Landlords ‘need protection too’

Landlords ‘need protection too’

Landlords need legal protection as much as tenants, an association head has said.

In response to plans for a register of licensed landlords to be established in the Island, Robert Weston, chairman of the Jersey Landlords’ Association, said that the rental market is a ‘two-way’ street and it is always property owners and not tenants who are punished when new regulations are introduced.

He called for landlords to have greater powers to recover costs from or promptly evict tenants who fail to keep a property in the condition they found it.

Last week the Environmental Health Department unveiled proposals, which, if approved, would see landlords required to obtain licences to rent out their properties.

It is hoped that the move would help States officers identify all of Jersey’s landlords and ensure that their properties meet minimum standards set out in last year’s rental dwellings law, such as ensuring there is safe drinking water and no broken windows.

Mr Weston said that the proposals would be ‘counter-productive’, however, and a ‘huge and costly exercise in red tape’.

He added that the costs of the new regulations, including an annual licence fee of £50 to £200, would be passed on to tenants.

‘The present proposal, as it now stands, will undoubtedly deter new landlords from entering the letting industry,’ he said.

‘And it will encourage existing private landlords to sell their rented dwelling property and reinvest their money in something else, preferably where there is less red-tape, or no red-tape at all.

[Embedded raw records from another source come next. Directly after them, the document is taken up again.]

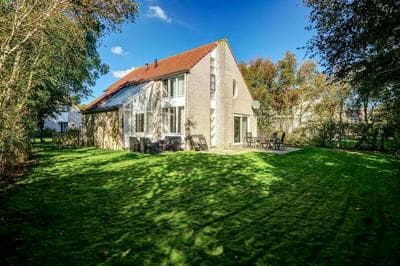 Villa Beatrix - Spacious villa with sauna in Julianadorp aan Zee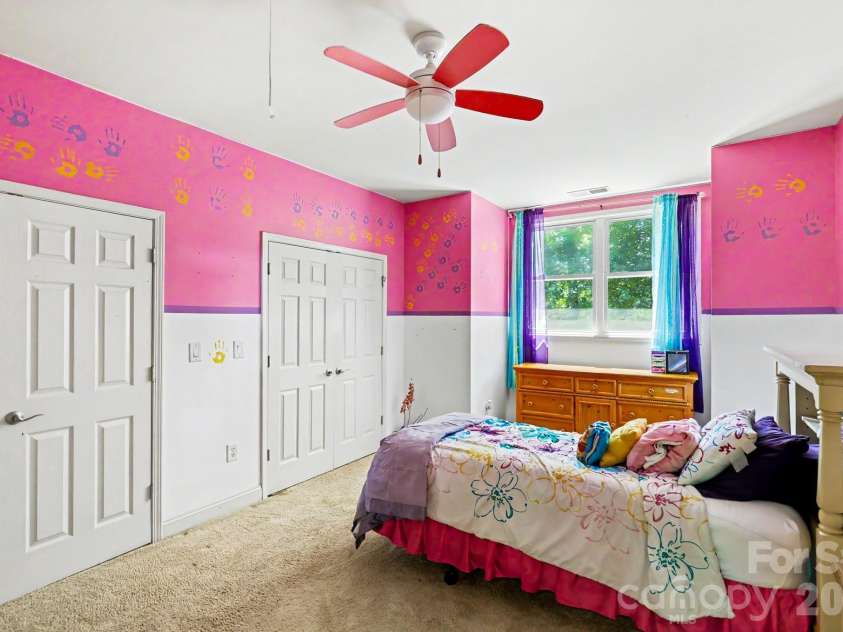 10130 Fairlea Drive, Charlotte, NC 28269.  MLS# CAR4395480, YatesRealty ID 32745. 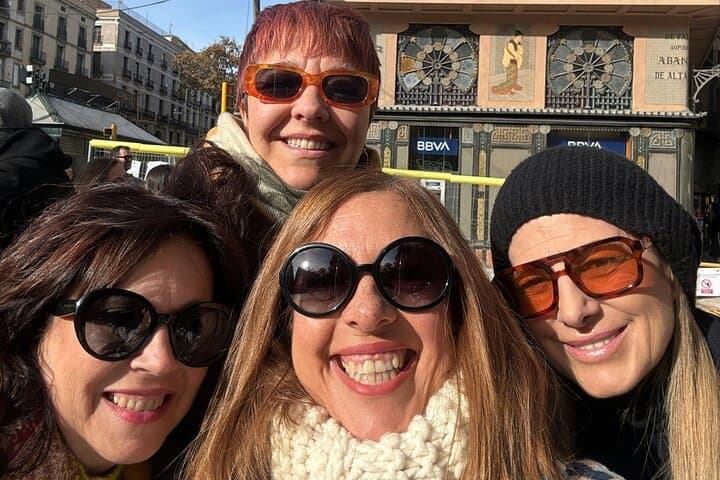 Barcelona Murder Mystery: Self-Guided GPS Detective Game & Puzzle Walk photo 4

‘The bottom line is that this registration and inspection proposal is wholly counter-productive to the Island’s desperate need for more rented accommodation in our Island, at lower rents.

‘An even worse consequence will be that, for every landlord who now leaves the industry, the States will have to provide Andium Homes with sufficient funding to build one or more replacement properties for the rental market.’

Mr Weston also said he believed any additional legal protection for tenants should be matched by further protection for landlords, as there are ‘delinquents’ on both sides.

‘There are a relatively few imperfect landlords in Jersey, just as there are a relatively few imperfect tenants,’ he said.

 

‘In the case of any delinquents on either side, it is only those delinquents who should be punished – not everyone, as is yet again being proposed here.

‘There should also be some similarly protective provisions for landlords. These should require tenants to keep their dwellings in a clean and tidy state and to leave it, on departure, as they found it on arrival.

‘Delinquent tenants should be obligated to pay any costs resulting from their failure to fulfil that obligation and should also be rendered liable to prompt eviction if unable or unwilling to comply.

‘This fresh landlord and tenant scenario would then become more rationalised, as a “two-way” street rather than the present one-way street.’